PRAGER: Herbert Hoover did. He just didn't swear by it because, I believe, he was a Quaker. That's a very different story.

VOLOKH: Justice Goldberg -- Justice Goldberg used the Tanakh, the Jewish Bible.

PRAGER: Justice Goldberg used the Old Testament, which is part of the American Bible.


VOLOKH: What you're saying about you have to use the same book --

ZAHN: Daisy, you get the final word tonight as we close out this debate.

VOLOKH: -- is already being violated.

KHAN: Well, I'm saying that America is great, and we have to uphold America's greatest values, which is coming together of all. You know, we're a multicultural, multi-religious society and we have to work together to create a good society. There are eight million Muslims in America now, 25 million Muslims living all over the West.
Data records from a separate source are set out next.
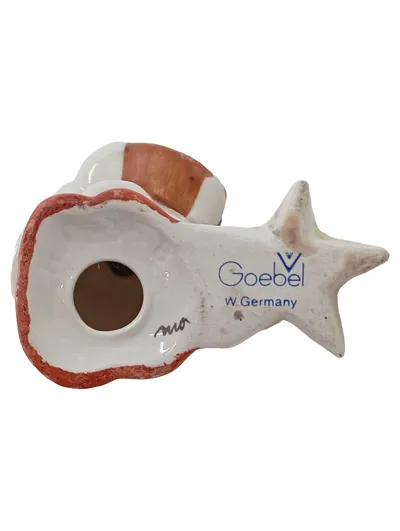Goebel Engel mit Stern Kerzenhalter Porzellan Weiß 7cm W. Germany Weihnachten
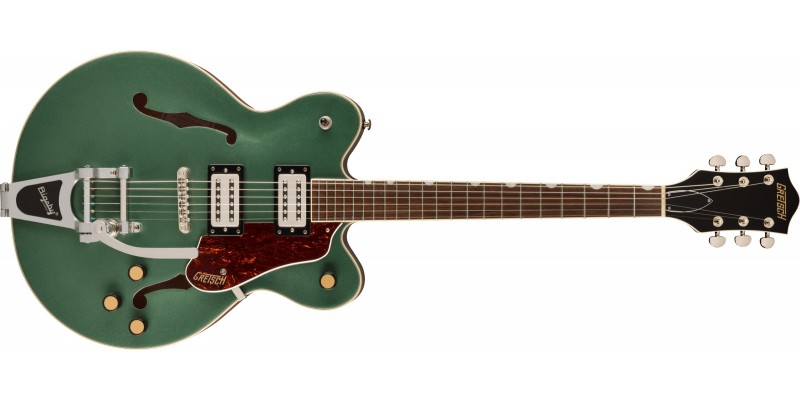 Gretsch G2622T Streamliner Center Block Double-Cut with Bigsby Steel Olive Front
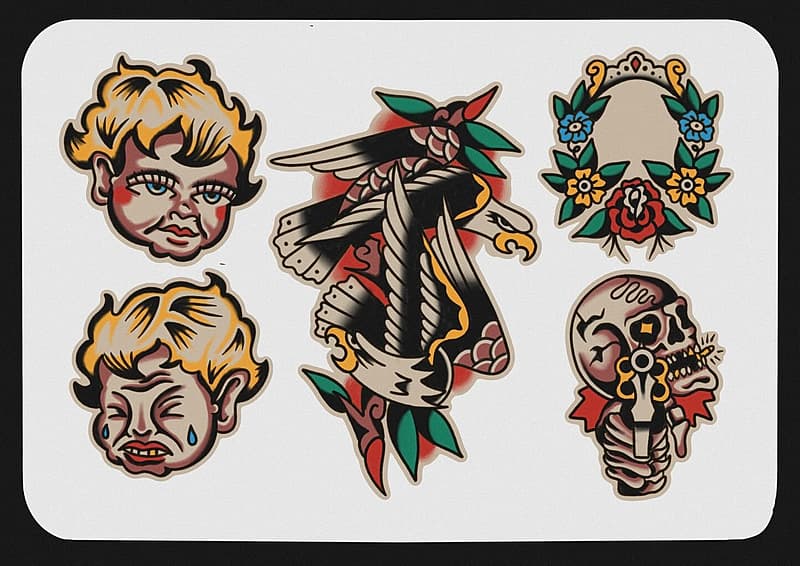 Traditional tattoo by 𝕽𝖚𝖘𝖘𝖊𝖑𝖑 𝖇𝖗𝖔𝖜𝖓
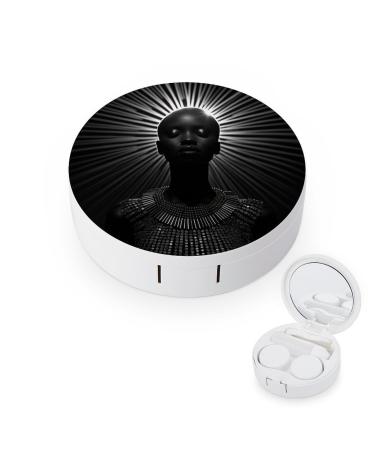 Contact Lens Case Woman Standing Portable Travel Contact Lens Box Contact Lens Storage Box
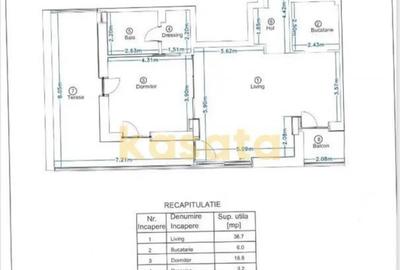 Apartament cu 2 camere semidecomandat, mobilat în Aviatorilor - 3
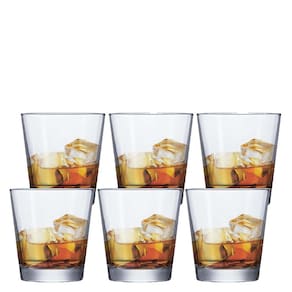 Jogo de Copos Vidro Double Old Fashioned 375ml 6pcs- Ruvolo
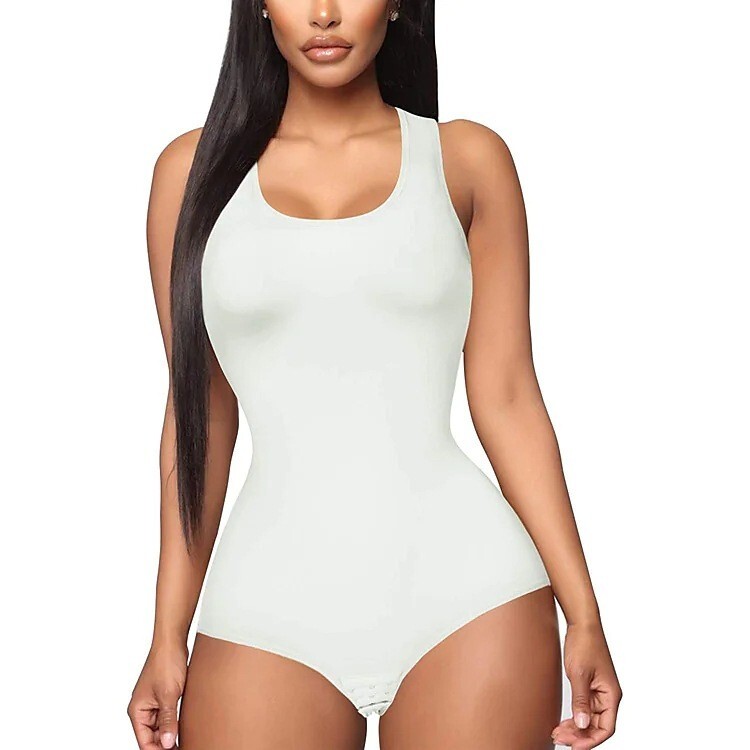 SHAPERX Women's Tummy Control Shapewear Seamless Sculpting Thong Bodysuit Sizes S-M-image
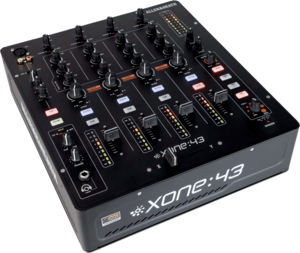 XONE-43 Allen & Heath - Table de mixage DJ 4 canaux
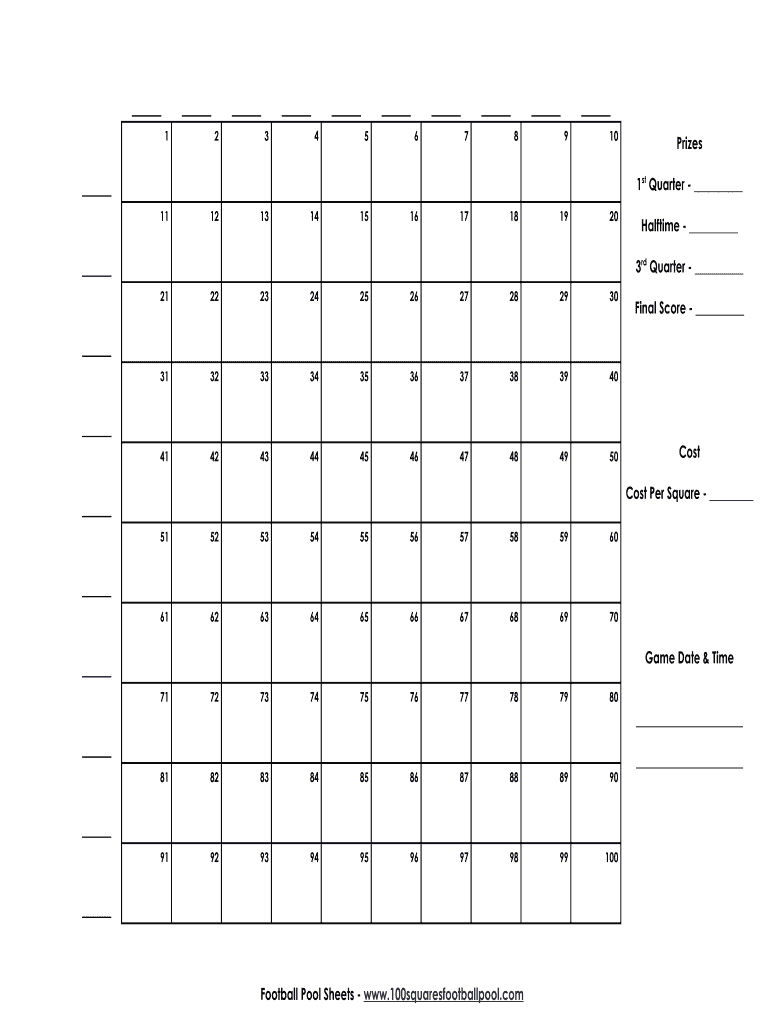Nfl Picks Week 4 Printable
ZAHN: I understand. But you're saying he should be able to take the oath office on the Quran?

KHAN: Absolutely, because -- because, you know, an oath is something that is very important. And I think it's -- I think it's -- I think it's his integrity that he's speaking from, not a lack of integrity. And I think we should -- we should really -- you know --

ZAHN: We've got to leave it there. Sorry to have to cut you off. Commercial's ready to take us off the air here. Daisy Khan, Eugene Volokh, Dennis Prager, appreciate your time.